The strongest corridors remain the UK, Malta, Cyprus, Gibraltar and the Czech Republic, depending on your vertical. These markets have established licensing regimes, specialist acquirers and EMIs that support onboarding for gaming, FX/CFD, adult, CBD and complex digital models.
2. Can high-risk merchants still get traditional card acquiring in the EU?
Yes, but only in selected jurisdictions. Western Europe (Germany, France, Spain, Italy) is far more restrictive, while Malta, Cyprus, the UK and certain CEE countries still offer card acquiring for high-risk MCCs. A corridor-specific approach is essential.
3. Which verticals face the most resistance from European acquirers?
The toughest are:
- iGaming (without licensing)
- FX/CFD trading
- Adult and dating content
- CBD and ingestible supplements
- High-refund travel and ticketing models
These categories face a mix of regulatory, scheme and reputational friction.
4. Does PSD3 make underwriting harder for high-risk merchants?
Indirectly, yes. PSD3 and PSR introduce tighter fraud monitoring, authentication transparency and reporting obligations for acquirers. This pushes many banks to shrink their high-risk exposure. Merchants must show stronger documentation and risk controls to be approved.
5. Will instant payments or open banking replace card acquiring in high-risk markets?
No. A2A rails provide stability, especially where card issuing is conservative but they do not offer chargebacks, card-like trust signals or recurring billing support. In 2026, cards + instant payments + EMIs form a combined stack, not replacements for each other.
6. Can high-risk merchants rely only on EMIs for settlements?
EMIs play a crucial role, but they don’t replace acquiring. Merchants still need card/acquirer partners to handle pay-ins. EMIs are best for multi-currency settlement, cross-border payment flows, and routing around restrictive banking markets.
7. Which European countries are strictest about onboarding high-risk merchants?
Germany, France, Spain, Italy and Belgium are the most conservative. Local banks avoid high-risk MCCs entirely. Even with perfect compliance, onboarding is rare unless the merchant is licensed locally and offers low operational risk.
8. Do CBD merchants have opportunities in Europe?
Yes, but they must be extremely careful. The UK, Czech Republic and Switzerland offer the most stable acceptance. France, Sweden and Italy have inconsistent or restrictive interpretations. Product labelling and THC compliance determine approval likelihood.
9. For iGaming, which licences matter most for payment acceptance?
The UKGC and MGA remain the primary gold-standard licences. Local licences in regulated EU markets (e.g., Netherlands, Sweden) are mandatory for local acquiring. Without these, merchants rely on cross-border acquiring, which has lower approval rates.

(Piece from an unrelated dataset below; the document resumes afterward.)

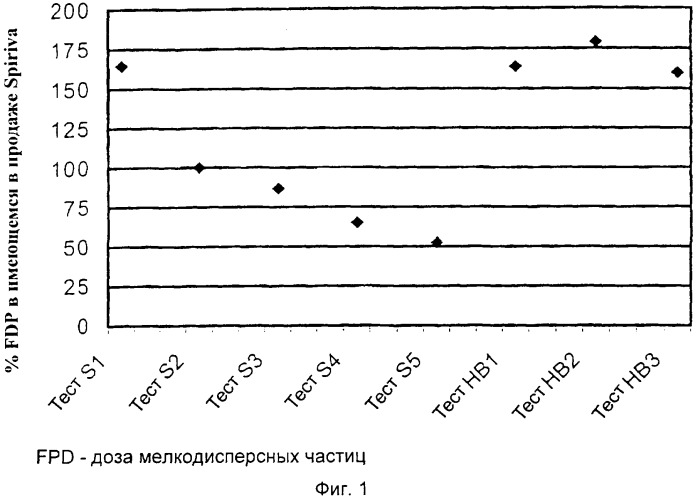 Ингалятор предварительно дозированного сухого порошка для лекарств, чувствительных к влаге (патент 2372946)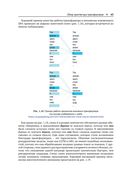 Осваиваем архитектуру Transformer — фото, картинка — 39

10. How should merchants choose the right European corridor?
Base the decision on:
- Your vertical’s regulatory requirements
- Appetite of PSPs in that corridor
- Settlement structure (bank vs EMI)
- Expected chargeback profile
- Your licensing footprint
- Your operational risk posture
Choosing the wrong corridor can result in months of failed onboarding.
11. What documentation do high-risk merchants need for European acquirers?
Acquirers expect:
- Full corporate documents
- UBO/KYC evidence
- Financial history
- AML & compliance policies
- Detailed product explanations
- Website, checkout and refund-flow screenshots
- Marketing materials
Well-prepared documentation significantly increases approval odds.
12. Can high-risk merchants succeed in Europe without local entities?
Yes, but only via cross-border acquiring + A2A rails + EMI settlement. For certain verticals (gaming, FX, regulated services), a local entity or licence is mandatory for best results.
13. Which rail performs best for high-risk merchants, cards or A2A?
Neither alone is sufficient. Cards drive top-line revenue and trust; A2A rails stabilise performance where card declines are high. The strongest 2026 setups use multi-rail orchestration.
14. Are approval rates in Europe improving or declining for high-risk sectors?
Declining, but not uniformly. Conservative corridors have tightened significantly, while specialist hubs (UK, Malta, Cyprus) continue to onboard strong, compliant merchants.